The movie debuts at a politically charged moment. Screened first to the public on Tuesday in Dallas, Texas, at the AT&T Stadium, the film anticipates the Iowa caucuses and a contentious 2016 election when Clinton and President Obama’s legacy will be in the hot seat. Indeed, conservatives are already praising the movie for exposing Uncle Sam’s failures to protect his own. Conservative talk radio host Hugh Hewitt said the movie was “an indictment” that “will leave those who will open their eyes and ears to see and hear seething about Hillary’s massive fail that night in 2012.”
13 Hours falls into a tradition of political films that offer an indictment proved by tragedy. Black Hawk Down (2001) showed the deaths of 18 Americans due to a failed 1993 military operation in Somalia during President Bill Clinton’s tenure, while Fahrenheit 9/11 sought to reveal the fecklessness of President George W. Bush’s foreign policy through the debacle of the Iraq War. This year’s Michael Bay movie is the logical endpoint of the trend: it’s a political movie disguised as a drama, and timed to the start of a presidential election.
Criticism of Clinton’s Washington world is implicit in 13 Hours. Our ersatz Hillary Clinton, the CIA officer in charge of the Benghazi intelligence annex on the night of the attack, is clammy and immediately repellant. “We hired the brightest minds from Harvard and Yale to do their work,” the chief tells the contractors on duty. “The best thing you can do is stay out of their way.” Next door, the rough-hewn, non-Ivy League soldiers spend their days lifting weights, drinking beer and video chatting with their kids and wives back home. Their advice is repeatedly ignored. “If you’ve got useful intel, put it in a memo,” says the CIA’s Hillary stand-in. Despite the apparent dangers in Libya, there is little protection.
Once the action begins, the Americans are left high and dry. “The gunship is out of fueling range—that’s what they’re telling me,” says one of the Americans after communicating with headquarters at home. “I called for air support. It never came,” says another. “We don’t have any f–king support!” says one of our American operatives. Flashed images of top brass at home show us just who didn’t send help—even though little top-down wrongdoing is claimed in the film.
Hillary Clinton has accepted responsibility for not arranging for better security in Libya, though she and the rest of the Obama administration have denied intentionally misleading the public in the days after the attack. In the years since, conservatives’ accusations about her mishandling of the crisis have followed her and damaged her standing. Though she was largely considered to have vindicated herself in a hearing in a House hearing in October, Republicans may very well try to use Benghazi again in the coming months.
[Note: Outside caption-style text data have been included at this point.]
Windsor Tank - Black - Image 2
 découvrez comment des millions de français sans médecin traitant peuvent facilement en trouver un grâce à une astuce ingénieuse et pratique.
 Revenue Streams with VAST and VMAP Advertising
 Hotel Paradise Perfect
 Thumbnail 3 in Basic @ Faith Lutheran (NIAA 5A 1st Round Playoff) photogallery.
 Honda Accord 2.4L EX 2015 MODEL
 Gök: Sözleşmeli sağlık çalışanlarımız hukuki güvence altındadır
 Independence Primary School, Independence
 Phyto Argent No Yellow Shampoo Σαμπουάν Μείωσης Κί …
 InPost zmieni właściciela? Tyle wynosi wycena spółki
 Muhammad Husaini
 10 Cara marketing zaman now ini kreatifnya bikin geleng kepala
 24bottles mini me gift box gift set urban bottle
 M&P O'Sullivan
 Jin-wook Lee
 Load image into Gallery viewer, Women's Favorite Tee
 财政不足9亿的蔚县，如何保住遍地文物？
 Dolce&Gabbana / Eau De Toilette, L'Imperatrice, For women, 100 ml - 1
Read More: How Hillary Clinton Won the Benghazi Hearing
And if there’s any question that the Bay movie is being used as a political stunt, two Republican groups will host a screening of the movie on Friday in Washington, D.C., and Arkansas Sen. Tom Cotton will speak at the event. Republicans are talking about the potential impact of the movie, which could again help to redefine Benghazi attacks as a moment of failure for Obama and Clinton. “The release of ’13 Hours’ will re-start the conversation over Benghazi and introduce a whole new audience to the events of that night,” Brian O. Walsh, President of Future45, told CNN. “Coming just weeks before the first votes are cast and in the form of a major motion picture from Hollywood, the timing couldn’t be worse for Secretary Clinton.”
13 Hours is likely to be much more popular among conservatives than among the audiences Clinton is trying to woo in the Democratic primary. Whether the movie arouses a latent distrust for Clinton among the voters who matter—that’s a question for Election Day.